§ **TRY IT**: Please restate the data that follows, leaving every word in place.

Stored items
******

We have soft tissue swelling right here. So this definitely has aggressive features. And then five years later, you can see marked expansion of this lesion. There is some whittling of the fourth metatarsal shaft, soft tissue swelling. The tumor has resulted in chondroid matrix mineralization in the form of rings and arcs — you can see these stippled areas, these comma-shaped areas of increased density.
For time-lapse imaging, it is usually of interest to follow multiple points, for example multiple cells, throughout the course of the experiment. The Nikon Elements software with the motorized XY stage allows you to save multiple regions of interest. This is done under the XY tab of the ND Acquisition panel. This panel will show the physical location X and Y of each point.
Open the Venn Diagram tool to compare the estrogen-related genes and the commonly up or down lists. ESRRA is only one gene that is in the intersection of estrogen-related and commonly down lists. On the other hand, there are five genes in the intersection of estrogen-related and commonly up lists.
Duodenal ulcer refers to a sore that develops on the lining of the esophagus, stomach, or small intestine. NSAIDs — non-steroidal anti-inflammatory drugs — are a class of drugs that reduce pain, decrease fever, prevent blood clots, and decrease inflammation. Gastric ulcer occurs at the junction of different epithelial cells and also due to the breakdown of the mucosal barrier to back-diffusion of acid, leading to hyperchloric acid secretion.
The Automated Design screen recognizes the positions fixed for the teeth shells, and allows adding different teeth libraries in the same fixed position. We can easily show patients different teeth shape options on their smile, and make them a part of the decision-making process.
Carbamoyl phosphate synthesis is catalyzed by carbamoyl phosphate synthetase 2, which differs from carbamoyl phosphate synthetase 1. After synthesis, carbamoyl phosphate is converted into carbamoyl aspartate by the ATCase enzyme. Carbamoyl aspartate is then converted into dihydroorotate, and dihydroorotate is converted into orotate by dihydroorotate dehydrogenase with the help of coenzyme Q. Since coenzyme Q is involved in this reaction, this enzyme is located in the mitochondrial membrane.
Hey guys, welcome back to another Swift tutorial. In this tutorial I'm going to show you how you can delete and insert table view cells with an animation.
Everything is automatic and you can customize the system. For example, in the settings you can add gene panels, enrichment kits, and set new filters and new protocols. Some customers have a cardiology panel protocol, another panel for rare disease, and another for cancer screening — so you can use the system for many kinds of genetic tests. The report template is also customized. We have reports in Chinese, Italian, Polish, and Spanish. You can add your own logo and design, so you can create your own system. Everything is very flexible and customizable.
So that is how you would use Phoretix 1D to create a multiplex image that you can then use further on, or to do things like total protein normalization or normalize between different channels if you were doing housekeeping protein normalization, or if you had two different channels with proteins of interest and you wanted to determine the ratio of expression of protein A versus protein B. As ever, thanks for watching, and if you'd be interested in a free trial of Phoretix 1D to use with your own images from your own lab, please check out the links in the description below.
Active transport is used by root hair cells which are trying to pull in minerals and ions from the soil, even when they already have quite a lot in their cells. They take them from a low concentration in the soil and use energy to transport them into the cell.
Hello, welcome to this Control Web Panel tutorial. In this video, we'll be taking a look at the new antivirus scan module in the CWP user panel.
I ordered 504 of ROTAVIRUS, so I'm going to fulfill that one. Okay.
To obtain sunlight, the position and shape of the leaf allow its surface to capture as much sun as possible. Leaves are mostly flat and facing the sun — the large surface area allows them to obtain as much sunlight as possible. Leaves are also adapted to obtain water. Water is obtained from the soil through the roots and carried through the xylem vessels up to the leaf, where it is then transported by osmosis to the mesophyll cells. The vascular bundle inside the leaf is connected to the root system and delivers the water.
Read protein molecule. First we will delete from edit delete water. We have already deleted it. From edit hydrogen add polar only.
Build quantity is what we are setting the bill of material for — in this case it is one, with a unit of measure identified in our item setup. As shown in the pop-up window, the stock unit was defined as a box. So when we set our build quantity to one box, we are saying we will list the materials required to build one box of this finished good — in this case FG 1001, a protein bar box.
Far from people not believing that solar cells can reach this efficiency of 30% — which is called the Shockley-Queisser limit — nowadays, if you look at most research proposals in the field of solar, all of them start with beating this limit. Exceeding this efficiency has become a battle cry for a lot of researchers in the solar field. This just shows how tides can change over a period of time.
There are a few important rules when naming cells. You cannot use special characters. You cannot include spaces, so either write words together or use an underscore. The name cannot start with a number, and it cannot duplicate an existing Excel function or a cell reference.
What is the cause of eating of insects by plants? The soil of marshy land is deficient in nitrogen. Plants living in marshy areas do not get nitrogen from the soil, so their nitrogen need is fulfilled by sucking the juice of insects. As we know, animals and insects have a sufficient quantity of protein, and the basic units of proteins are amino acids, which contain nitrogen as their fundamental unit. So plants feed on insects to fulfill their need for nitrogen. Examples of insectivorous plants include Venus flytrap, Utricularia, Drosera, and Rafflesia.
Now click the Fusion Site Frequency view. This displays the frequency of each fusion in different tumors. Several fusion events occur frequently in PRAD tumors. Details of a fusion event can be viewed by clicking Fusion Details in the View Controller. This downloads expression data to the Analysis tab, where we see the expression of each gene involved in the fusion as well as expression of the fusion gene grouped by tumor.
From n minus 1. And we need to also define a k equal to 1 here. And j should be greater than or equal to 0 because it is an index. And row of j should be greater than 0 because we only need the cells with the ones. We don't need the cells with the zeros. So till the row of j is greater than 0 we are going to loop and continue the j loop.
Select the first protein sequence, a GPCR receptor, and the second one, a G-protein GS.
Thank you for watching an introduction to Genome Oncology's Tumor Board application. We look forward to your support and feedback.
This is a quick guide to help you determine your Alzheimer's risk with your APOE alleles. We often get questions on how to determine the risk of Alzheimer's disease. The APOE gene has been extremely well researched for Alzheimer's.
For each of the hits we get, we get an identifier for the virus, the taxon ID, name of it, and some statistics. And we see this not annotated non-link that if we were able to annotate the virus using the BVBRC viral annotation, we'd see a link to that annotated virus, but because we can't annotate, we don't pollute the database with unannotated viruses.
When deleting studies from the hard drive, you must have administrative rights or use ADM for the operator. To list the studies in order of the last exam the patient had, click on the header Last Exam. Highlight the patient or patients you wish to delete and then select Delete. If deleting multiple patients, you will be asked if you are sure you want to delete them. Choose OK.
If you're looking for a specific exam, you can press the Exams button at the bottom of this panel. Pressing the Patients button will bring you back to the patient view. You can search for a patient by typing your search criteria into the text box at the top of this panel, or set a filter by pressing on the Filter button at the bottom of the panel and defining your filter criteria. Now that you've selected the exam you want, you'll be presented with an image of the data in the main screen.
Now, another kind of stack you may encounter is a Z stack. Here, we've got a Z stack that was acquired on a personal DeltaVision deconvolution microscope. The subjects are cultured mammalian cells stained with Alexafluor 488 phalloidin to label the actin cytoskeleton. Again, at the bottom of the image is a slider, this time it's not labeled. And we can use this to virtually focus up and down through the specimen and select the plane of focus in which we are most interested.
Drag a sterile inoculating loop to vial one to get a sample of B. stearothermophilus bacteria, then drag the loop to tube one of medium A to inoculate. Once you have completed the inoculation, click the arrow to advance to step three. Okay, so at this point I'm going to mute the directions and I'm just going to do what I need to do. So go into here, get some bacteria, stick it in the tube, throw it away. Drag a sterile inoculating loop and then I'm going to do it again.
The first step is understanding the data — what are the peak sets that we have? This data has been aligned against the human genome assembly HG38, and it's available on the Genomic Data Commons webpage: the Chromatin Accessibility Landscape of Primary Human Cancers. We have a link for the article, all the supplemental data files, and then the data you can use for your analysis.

******

§ **OUTPUT BELOW**:
We have soft tissue swelling right here. So this definitely has aggressive features. And then five years later, you can see marked expansion of this lesion. There is some whittling of the fourth metatarsal shaft, soft tissue swelling. The tumor has resulted in chondroid matrix mineralization in the form of rings and arcs — you can see these stippled areas, these comma-shaped areas of increased density.
For time-lapse imaging, it is usually of interest to follow multiple points, for example multiple cells, throughout the course of the experiment. The Nikon Elements software with the motorized XY stage allows you to save multiple regions of interest. This is done under the XY tab of the ND Acquisition panel. This panel will show the physical location X and Y of each point.
Open the Venn Diagram tool to compare the estrogen-related genes and the commonly up or down lists. ESRRA is only one gene that is in the intersection of estrogen-related and commonly down lists. On the other hand, there are five genes in the intersection of estrogen-related and commonly up lists.
Duodenal ulcer refers to a sore that develops on the lining of the esophagus, stomach, or small intestine. NSAIDs — non-steroidal anti-inflammatory drugs — are a class of drugs that reduce pain, decrease fever, prevent blood clots, and decrease inflammation. Gastric ulcer occurs at the junction of different epithelial cells and also due to the breakdown of the mucosal barrier to back-diffusion of acid, leading to hyperchloric acid secretion.
The Automated Design screen recognizes the positions fixed for the teeth shells, and allows adding different teeth libraries in the same fixed position. We can easily show patients different teeth shape options on their smile, and make them a part of the decision-making process.
Carbamoyl phosphate synthesis is catalyzed by carbamoyl phosphate synthetase 2, which differs from carbamoyl phosphate synthetase 1. After synthesis, carbamoyl phosphate is converted into carbamoyl aspartate by the ATCase enzyme. Carbamoyl aspartate is then converted into dihydroorotate, and dihydroorotate is converted into orotate by dihydroorotate dehydrogenase with the help of coenzyme Q. Since coenzyme Q is involved in this reaction, this enzyme is located in the mitochondrial membrane.
Hey guys, welcome back to another Swift tutorial. In this tutorial I'm going to show you how you can delete and insert table view cells with an animation.
Everything is automatic and you can customize the system. For example, in the settings you can add gene panels, enrichment kits, and set new filters and new protocols. Some customers have a cardiology panel protocol, another panel for rare disease, and another for cancer screening — so you can use the system for many kinds of genetic tests. The report template is also customized. We have reports in Chinese, Italian, Polish, and Spanish. You can add your own logo and design, so you can create your own system. Everything is very flexible and customizable.
So that is how you would use Phoretix 1D to create a multiplex image that you can then use further on, or to do things like total protein normalization or normalize between different channels if you were doing housekeeping protein normalization, or if you had two different channels with proteins of interest and you wanted to determine the ratio of expression of protein A versus protein B. As ever, thanks for watching, and if you'd be interested in a free trial of Phoretix 1D to use with your own images from your own lab, please check out the links in the description below.
Active transport is used by root hair cells which are trying to pull in minerals and ions from the soil, even when they already have quite a lot in their cells. They take them from a low concentration in the soil and use energy to transport them into the cell.
Hello, welcome to this Control Web Panel tutorial. In this video, we'll be taking a look at the new antivirus scan module in the CWP user panel.
I ordered 504 of ROTAVIRUS, so I'm going to fulfill that one. Okay.
To obtain sunlight, the position and shape of the leaf allow its surface to capture as much sun as possible. Leaves are mostly flat and facing the sun — the large surface area allows them to obtain as much sunlight as possible. Leaves are also adapted to obtain water. Water is obtained from the soil through the roots and carried through the xylem vessels up to the leaf, where it is then transported by osmosis to the mesophyll cells. The vascular bundle inside the leaf is connected to the root system and delivers the water.
Read protein molecule. First we will delete from edit delete water. We have already deleted it. From edit hydrogen add polar only.
Build quantity is what we are setting the bill of material for — in this case it is one, with a unit of measure identified in our item setup. As shown in the pop-up window, the stock unit was defined as a box. So when we set our build quantity to one box, we are saying we will list the materials required to build one box of this finished good — in this case FG 1001, a protein bar box.
Far from people not believing that solar cells can reach this efficiency of 30% — which is called the Shockley-Queisser limit — nowadays, if you look at most research proposals in the field of solar, all of them start with beating this limit. Exceeding this efficiency has become a battle cry for a lot of researchers in the solar field. This just shows how tides can change over a period of time.
There are a few important rules when naming cells. You cannot use special characters. You cannot include spaces, so either write words together or use an underscore. The name cannot start with a number, and it cannot duplicate an existing Excel function or a cell reference.
What is the cause of eating of insects by plants? The soil of marshy land is deficient in nitrogen. Plants living in marshy areas do not get nitrogen from the soil, so their nitrogen need is fulfilled by sucking the juice of insects. As we know, animals and insects have a sufficient quantity of protein, and the basic units of proteins are amino acids, which contain nitrogen as their fundamental unit. So plants feed on insects to fulfill their need for nitrogen. Examples of insectivorous plants include Venus flytrap, Utricularia, Drosera, and Rafflesia.
Now click the Fusion Site Frequency view. This displays the frequency of each fusion in different tumors. Several fusion events occur frequently in PRAD tumors. Details of a fusion event can be viewed by clicking Fusion Details in the View Controller. This downloads expression data to the Analysis tab, where we see the expression of each gene involved in the fusion as well as expression of the fusion gene grouped by tumor.
From n minus 1. And we need to also define a k equal to 1 here. And j should be greater than or equal to 0 because it is an index. And row of j should be greater than 0 because we only need the cells with the ones. We don't need the cells with the zeros. So till the row of j is greater than 0 we are going to loop and continue the j loop.
Select the first protein sequence, a GPCR receptor, and the second one, a G-protein GS.
Thank you for watching an introduction to Genome Oncology's Tumor Board application. We look forward to your support and feedback.
This is a quick guide to help you determine your Alzheimer's risk with your APOE alleles. We often get questions on how to determine the risk of Alzheimer's disease. The APOE gene has been extremely well researched for Alzheimer's.
For each of the hits we get, we get an identifier for the virus, the taxon ID, name of it, and some statistics. And we see this not annotated non-link that if we were able to annotate the virus using the BVBRC viral annotation, we'd see a link to that annotated virus, but because we can't annotate, we don't pollute the database with unannotated viruses.
When deleting studies from the hard drive, you must have administrative rights or use ADM for the operator. To list the studies in order of the last exam the patient had, click on the header Last Exam. Highlight the patient or patients you wish to delete and then select Delete. If deleting multiple patients, you will be asked if you are sure you want to delete them. Choose OK.
If you're looking for a specific exam, you can press the Exams button at the bottom of this panel. Pressing the Patients button will bring you back to the patient view. You can search for a patient by typing your search criteria into the text box at the top of this panel, or set a filter by pressing on the Filter button at the bottom of the panel and defining your filter criteria. Now that you've selected the exam you want, you'll be presented with an image of the data in the main screen.
Now, another kind of stack you may encounter is a Z stack. Here, we've got a Z stack that was acquired on a personal DeltaVision deconvolution microscope. The subjects are cultured mammalian cells stained with Alexafluor 488 phalloidin to label the actin cytoskeleton. Again, at the bottom of the image is a slider, this time it's not labeled. And we can use this to virtually focus up and down through the specimen and select the plane of focus in which we are most interested.
Drag a sterile inoculating loop to vial one to get a sample of B. stearothermophilus bacteria, then drag the loop to tube one of medium A to inoculate. Once you have completed the inoculation, click the arrow to advance to step three. Okay, so at this point I'm going to mute the directions and I'm just going to do what I need to do. So go into here, get some bacteria, stick it in the tube, throw it away. Drag a sterile inoculating loop and then I'm going to do it again.
The first step is understanding the data — what are the peak sets that we have? This data has been aligned against the human genome assembly HG38, and it's available on the Genomic Data Commons webpage: the Chromatin Accessibility Landscape of Primary Human Cancers. We have a link for the article, all the supplemental data files, and then the data you can use for your analysis.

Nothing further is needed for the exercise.